Nash-Williams/1950, 100: `In churchyard on S. side of church'.
CISP: the stone is now inside the church and cemented onto the floor.
Westwood/1879, 141: `It was described as 7 feet 7 inches high and 10 inches wide, but it has evidently been removed, as it is now only 5 feet above ground'.
Macalister/1949, 140: `A pillar'.
Nash-Williams/1950, 98: `Tall pillar-stone. 69+" h. x 10" w. x 10" t.'.
|Condition:||complete , good|
|Folklore:||Westwood/1876, 141: `It is called by the inhabitants St.

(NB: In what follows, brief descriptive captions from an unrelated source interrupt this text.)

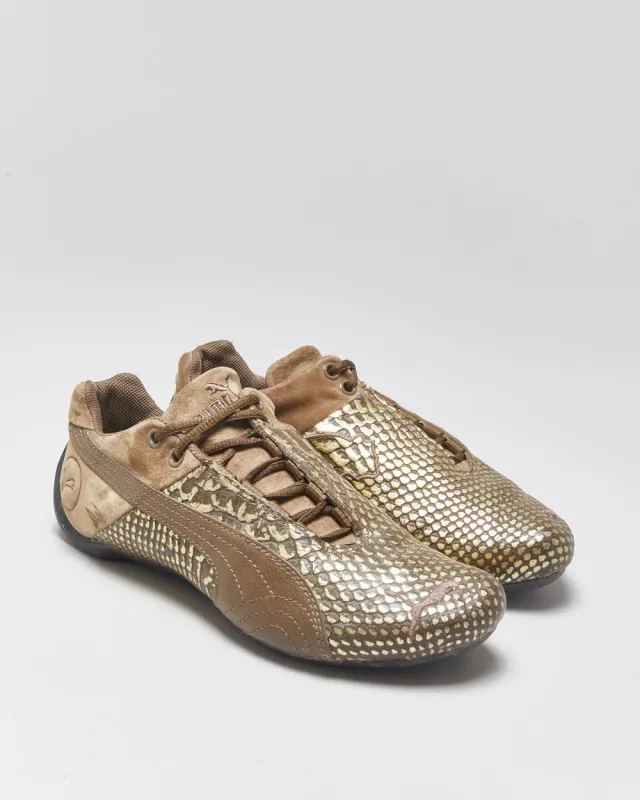 2006 Puma Future Cat Super Light Women's Gold Croc/Brown Suede Trainers - UK5 made by Puma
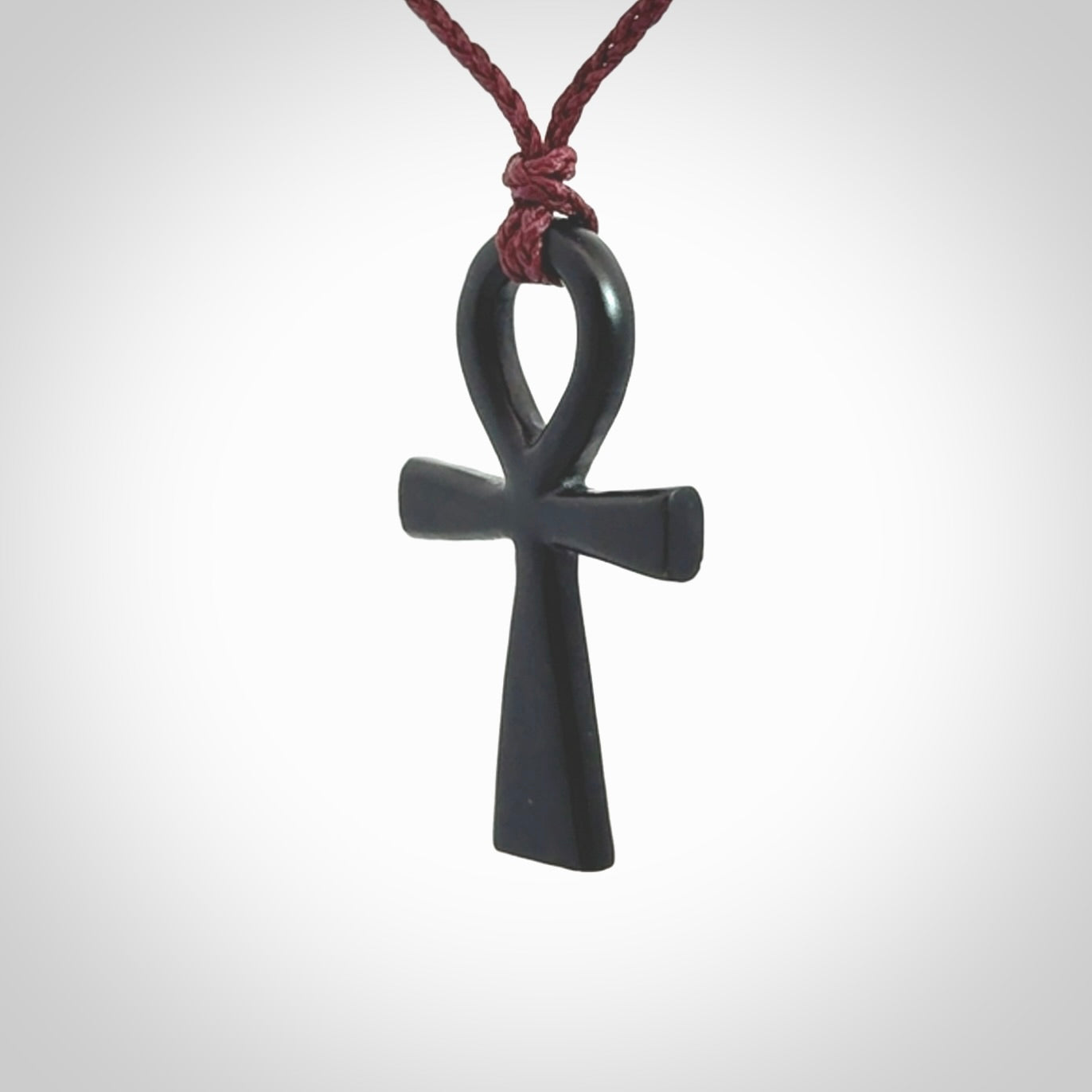 Black jade ankh cross pendant. Handmade jade jewellery made by NZ Pacific and for sale online.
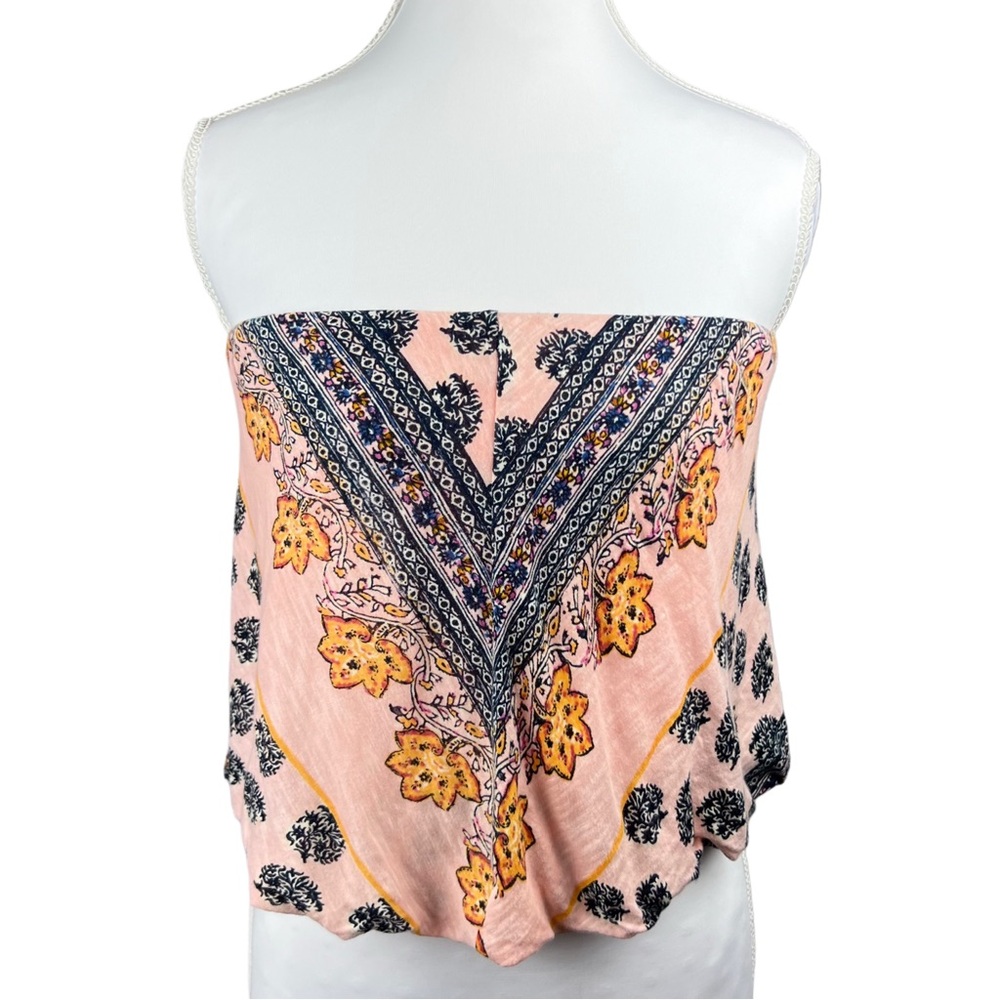 Free People Large Borderline Tube Top Boho Floral Paisley Strapless Pink - Picture 2 of 6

David's leaning Staff, on which he is said to have leaned when preaching at the synod'.|
|Crosses:||1: latin; linear; straight; crosslet; plain; none; none; none; n/a|
Westwood/1876, 141: `The upper part of the stone bears a tall cross 29 inches long, each limb having a small slender cross-bar near its extremity'.
Macalister/1949, 140: `On the west face is a cross-crosslet'.
Nash-Williams/1950, 98: `Incised linear Latin cross-crosslet (Fig. 6, 21)'.
|Westwood, J.O. (1876):||GENLISINIBT~DS~|
GENLISINI B[ENEDICA]T D[EU]S
GENLISINI B[ENEDICI]T D[EU]S
Westwood/1876 141 reading only
|Macalister, R.A.S. (1949):||CENLISINIBT~DS~|
CENLISINI BENEDICAT DEUS
Anon/1931 390 reading only
Macalister/1949 140 reading only
|Nash-Williams, V.E. (1950):||CENLISINIBT~DS~|
CENLISINI BENEDICAT DEUS
(The Cross) of Cenlisini (PN). May God bless him.
Nash-Williams/1950 98--100 reading only
|Position:||W ; broad ; below cross ; undivided|
Nash-Williams/1950, 98: `Incised linear Latin cross-crosslet...with inscription below in one line reading vertically downwards'.
Nash-Williams/1950, 100: `neatly picked'.
|Date:||600 - 899 (Nash-Williams/1950)|
|Palaeography:||Westwood/1879, 141: `I have now before me a number of sketches and rubbings made by the Rev. H. L. Jones, Mr. Wakeman of Dublin, and myself, confirmed by an examination of the stone itself. The first letter terminates below in a triangular impression, which leads me to infer that it is a G; the second is clearly a minuscule E with the horizontal cross-bar extending half an inch beyond the loop; the third letter resembles H, but it is clearly an N of one of the Hiberno-Saxon forms of that letter; the fourth letter is a minuscule l, with the bottom of the stroke bent upwards; the following letters ISI are clear. The next is N, in another of the Hiberno-Saxon forms of the letter common in eighth or ninth century MSS., followed by BT~ DS~. The small horizontal lines over the last four letters indicate that two words are here contracted; the DS~ I apprehend unquestionably stand for the word deus, and I venture to suggest that the two preceding letters BT~ are the contracted form of the word benedicat or benedicit (the Llanwnnws Stone, Ph. LXVIII. fig. l, giving the clue to the latter word). I therefore read the inscription, `Genlisini benedicit deus.|
The letters occupy two feet of the length of the stone, and are 3 inches high'.
Macalister/1949, 140: `The first letter is C, not G, as in previous readings: the use of two kinds of N in the name is noteworthy. The prayer B[enedica]T D[eu]S has been added by a later hand: the lettering is different in technique from the rest'.
Nash-Williams/1950, 100: `Round half-uncials, neatly picked in good calligraphic style, with bars of contraction. The contraction D~S~ (for deus) is normal, while that for benedicat follows the same `first and last letter' rule'.